In considering energy, it is tempting to do the following: Say the upper section of carpet starts with no energy (due to no mass), and say that once $x=2L$ the entire upper carpet has kinetic energy of $\frac12Mv^2=\frac12\lambda LV^2$. Then, using the work-energy theorem with a constant force applied over $2L$, we get $$W=2FL=\frac12\lambda Lv^2$$ or $$F=\frac14\lambda v^2$$

However, the issue here is that these collisions are inelastic, so energy is being lost as mass is being added to the upper section of carpet. Therefore, we need to supply additional work to keep the carpet moving at a constant speed (with the kinetic energy then increasing due to the increase in mass).

Therefore, let us first consider the collision at some time of the carpet section of mass $m$ moving at speed $v$ and the additional mass $\text dm$ without the force being applied. Through momentum conservation we have $$mv=(m+\text dm)v_f$$ or $$v_f=\frac{mv}{m+\text dm}$$ where $v_f$ is the new velocity after the collision.

We know energy is lost, and the new kinetic energy of the system is given by $$K_f=\frac12(m+\text dm)v_f^2$$ therefore, we need to do some work $\text dW$ to get the speed up to what we want it to be. In other words: $$\text dW=\frac12(m+\text dm)v^2-\frac12(m+\text dm)v_f^2=\frac12(m+\text dm)(v^2-v_f^2)$$

Substituting in our expression for $v_f$ and doing some fun algebra (thanks Mathematica) we get to $$\text dW=\frac12\frac{(\text dm)^2+2m\text dm}{2(m+\text dm)}v^2$$

Since $\text dm\ll m$, we can neglect the $(\text dm)^2$ term in the numerator and the $\text dm$ term in the denominator. What we are left with is then $$\text dW=\frac12\text dmv^2$$

But from above we know that $\text dm=\frac12\lambda\text dx$, therefore, $$\text dW=F\text dx=\frac14\lambda\text dx v^2$$ or $$F=\frac14\lambda v^2$$

And I still can't get these to match.

Answer 4

I'll use a microscopic description of the carpet in order to find the value of the pulling force $F$ acting on the upper (moving) part.

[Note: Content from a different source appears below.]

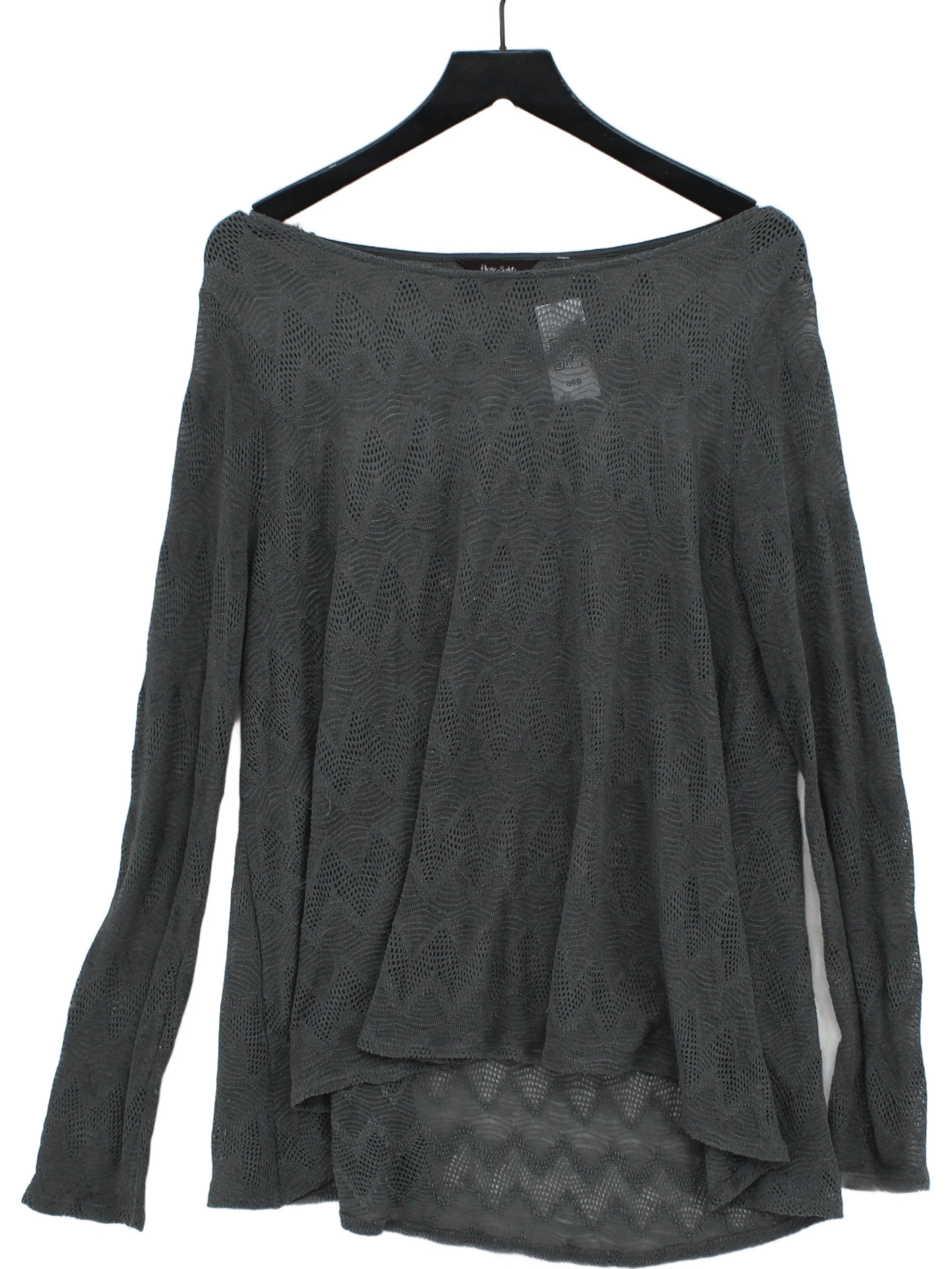 Phase Eight Women's Jumper L Grey Geometric 100% Other Round Neck Pullover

First, imagine the carpet as a string of rigid bars of mass $\delta m$ and length $\delta l$ (with $\lambda = \delta m/ \delta l$) attached by hinges that are able to rotate up to an angle of 90 degrees.

The motion can be split in the following steps:

1. One bar is initially rotating around point $1$ with its extreme point $x$ moving with speed $v$ at time $t$, forming a right angle with the next bar.
2. This bar will thus engage the next one and the "L" shape will rotate around point $2$ by $90^{\circ}$ over a time $dt$ due to the pulling force $F$.
3. At this stage, the first bar will detach from the L shape and become part of the upper moving carpet, leaving the ($12$) bar behind rotating with speed $v$ at its end (point $1$). From here, we can continue our analysis by returning to the first step.

We can immediately get a couple of properties:

• Given that point $x$ moves with speed $v$, then $2 \delta l = dx = v dt$.
• The total momentum change is $d p = \delta m \, v = \lambda \, \delta l \, v = \frac{\lambda v^2}{2} dt$.

To find the force, I'll calculate the energy in two different ways:

1. Assuming a constant horizontal force $F$, the energy done on the system is $ \Delta E = 2 \, \delta l \, F$.

We need to calculate the rotational energy at time $t$. The process from 1. to 2. is an inelastic collision. Using conservation of angular momentum we can obtain the initial angular speed around point 2. Before engaging the next bar, the angular momentum of the vertical rod is $\frac{v \, \delta m \, \delta l}{3}$, which happens to be the same around point $1$ and point $2$. By engaging the next bar, one obtains an L shape with moment of inertia $I_L = \frac{5}{3} \, \delta m \, \delta l^2$. Solving for the angular speed one gets $\omega_0 = \frac{v \, \delta m \, \delta l}{3 I_L} = \frac{v}{5 \, \delta l}$.

2. The rotational energy gained per step is equal to $\Delta E = \frac{I_L}{2} ((\frac{v}{\delta l})^2 - \omega_0^2) = \frac{4 \, \delta m \, v^2}{5}$, where $\frac{v}{\delta l}$ is the angular speed at $t+\delta t$.

Equating these two expressions and solving for the force results in

$$F = \frac{2}{5} \lambda v^2$$

Note that the static friction force is the one keeping point $2$ in place during the rotation. This force does not do any work (as expected), yet it influences the required value of the pulling force $F$ in an indirect way by constraining the motion. Moreover, there is an inelastic scattering as an energy-loss mechanism.

Answer 5

In your first diagram you wrote

velocity increases from $0$ to $1$.

If this was happening then the carpet must be stretching in the curved region.

Due to the wheel rotating the rim of your wheel has a speed of $v$ and if the carpet is not slipping relative to the wheel then the speed of the carpet must change from zero to $v$ in the region of the point of contact of the carpet/wheel with the ground.
This is where the inelastic “jerking”, impulsive force acting, on a small section of the of the carpet occurs in your diagram.